TASK DETAILS: Copy nothing but the lines below running from the line containing "Sage Hill's Carter" through the line containing "A mother holding", both end lines included.
○ ○ ○
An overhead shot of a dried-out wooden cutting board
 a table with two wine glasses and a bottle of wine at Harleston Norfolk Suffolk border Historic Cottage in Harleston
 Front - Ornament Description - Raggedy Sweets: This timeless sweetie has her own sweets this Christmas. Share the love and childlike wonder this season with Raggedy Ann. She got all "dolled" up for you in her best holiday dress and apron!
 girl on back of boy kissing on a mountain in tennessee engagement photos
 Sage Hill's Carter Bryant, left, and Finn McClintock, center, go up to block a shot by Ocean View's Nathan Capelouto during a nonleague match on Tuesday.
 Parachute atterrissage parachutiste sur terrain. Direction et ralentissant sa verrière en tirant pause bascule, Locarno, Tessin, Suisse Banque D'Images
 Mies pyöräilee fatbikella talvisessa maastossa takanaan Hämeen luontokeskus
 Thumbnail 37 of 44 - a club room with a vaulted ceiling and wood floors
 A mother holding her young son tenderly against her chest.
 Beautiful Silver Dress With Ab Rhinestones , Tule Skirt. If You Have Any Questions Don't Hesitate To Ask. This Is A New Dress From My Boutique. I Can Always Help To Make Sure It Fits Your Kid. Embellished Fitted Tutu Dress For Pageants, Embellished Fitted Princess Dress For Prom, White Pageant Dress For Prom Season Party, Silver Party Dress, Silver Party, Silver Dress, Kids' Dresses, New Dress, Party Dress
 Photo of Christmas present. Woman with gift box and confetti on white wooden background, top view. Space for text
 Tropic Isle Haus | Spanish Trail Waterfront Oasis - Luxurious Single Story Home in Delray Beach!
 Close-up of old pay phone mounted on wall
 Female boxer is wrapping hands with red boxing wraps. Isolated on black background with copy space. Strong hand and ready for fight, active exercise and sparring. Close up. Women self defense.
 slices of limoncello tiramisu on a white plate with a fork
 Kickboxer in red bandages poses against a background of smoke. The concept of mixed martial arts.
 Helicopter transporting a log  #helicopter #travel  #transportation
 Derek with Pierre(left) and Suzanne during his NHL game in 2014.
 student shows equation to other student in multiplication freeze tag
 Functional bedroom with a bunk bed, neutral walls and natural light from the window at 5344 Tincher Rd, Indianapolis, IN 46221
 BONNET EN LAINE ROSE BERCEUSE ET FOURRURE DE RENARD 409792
○ ○ ○
RESPONSE BOX:
 Sage Hill's Carter Bryant, left, and Finn McClintock, center, go up to block a shot by Ocean View's Nathan Capelouto during a nonleague match on Tuesday.
 Parachute atterrissage parachutiste sur terrain. Direction et ralentissant sa verrière en tirant pause bascule, Locarno, Tessin, Suisse Banque D'Images
 Mies pyöräilee fatbikella talvisessa maastossa takanaan Hämeen luontokeskus
 Thumbnail 37 of 44 - a club room with a vaulted ceiling and wood floors
 A mother holding her young son tenderly against her chest.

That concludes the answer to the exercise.